Platelet aggregation by various inductors was studied in citrated and heparinized plasma of the following groups of subjects: Normal, hemophilia A, combined factor V and factor VIII deficiency, v. Willeprand's disease and congenital afibrinognemia. The results may be summarized as follows: A-platelet aggregation in citrated plasm 1) platelet aggregation by common inductors ADP, adrenalin and collagen was normal in all groups of subjects but for the patients with congential afibrinogenemia in whom adrenalin induced aggregation was absent or markedly refuced whereas ADP and collagen gave slightly reduced or near normal aggregation curves. 2) platelet aggregation by ristocetin was normal in all groups of subjects but for v. Willebrand's disease in which it was absent. B-platelet aggregation in heparized plasma. 1) platelet aggregation by common inductors resulted to be normal in all groups of subjects except in congenital afibrinogenemia. In this latter case the pattern was still mildly defective but here was an increased aggregation as compared to citrated plasma. These findings have been interpretemmon inductors. 2) platelet aggregation by ristocetin resulted to be absent in all groups of subjects investigated. The possible mechanism of action of the inhibitory effect exercised py heparin with regard to restocetin is discussed.
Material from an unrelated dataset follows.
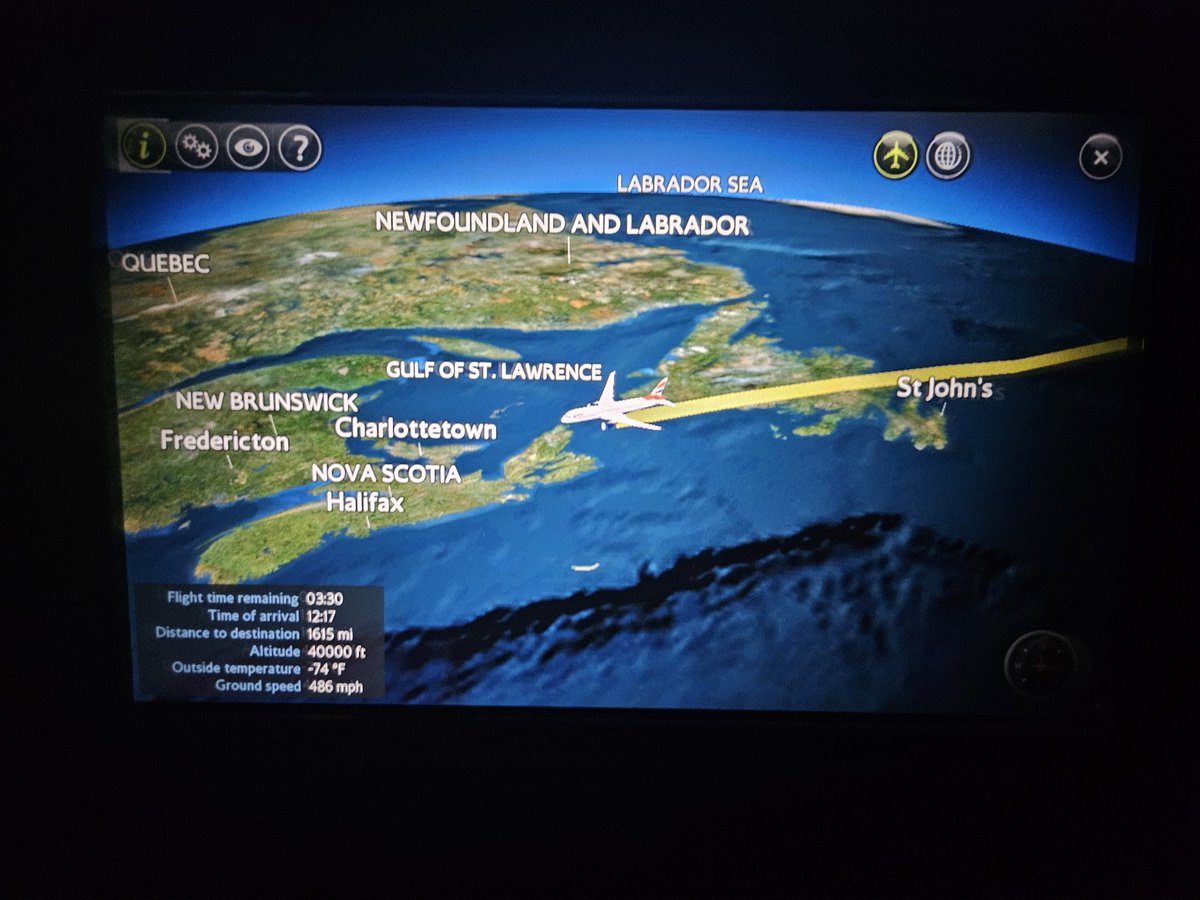 Foxy_liam's tweet photo. I'll be listening to the #GTFC game at 40000ft over Canada today. https://t.co/T67Cw523O0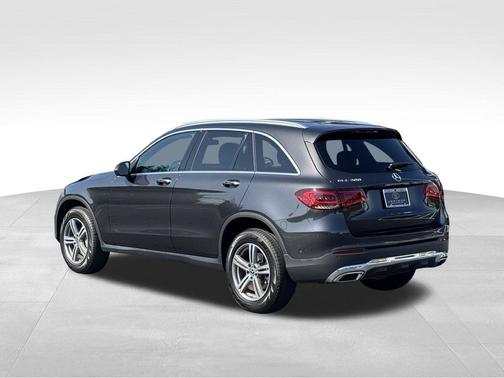 2022 Mercedes-Benz GLC 300 4MATIC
在以下几组受试者的枸橼酸化和肝素化血浆中,研究了各种诱导剂引起的血小板聚集情况:正常组、甲型血友病组、联合因子V和因子VIII缺乏组、血管性血友病组以及先天性无纤维蛋白原血症组。结果可总结如下:A - 枸橼酸化血浆中的血小板聚集:1)除先天性无纤维蛋白原血症患者外,所有受试者组中由常见诱导剂ADP、肾上腺素和胶原引起的血小板聚集均正常。在先天性无纤维蛋白原血症患者中,肾上腺素诱导的聚集不存在或明显减弱,而ADP和胶原诱导的聚集曲线略有降低或接近正常。2)除血管性血友病组外,所有受试者组中由瑞斯托菌素引起的血小板聚集均正常,在血管性血友病组中该聚集不存在。B - 肝素化血浆中的血小板聚集:1)除先天性无纤维蛋白原血症外,所有受试者组中由常见诱导剂引起的血小板聚集均正常。在先天性无纤维蛋白原血症这种情况下,模式仍有轻度缺陷,但与枸橼酸化血浆相比聚集增加。这些发现已被解释……常见诱导剂。2)在所研究的所有受试者组中,由瑞斯托菌素引起的血小板聚集均不存在。讨论了肝素对瑞斯托菌素产生抑制作用的可能作用机制。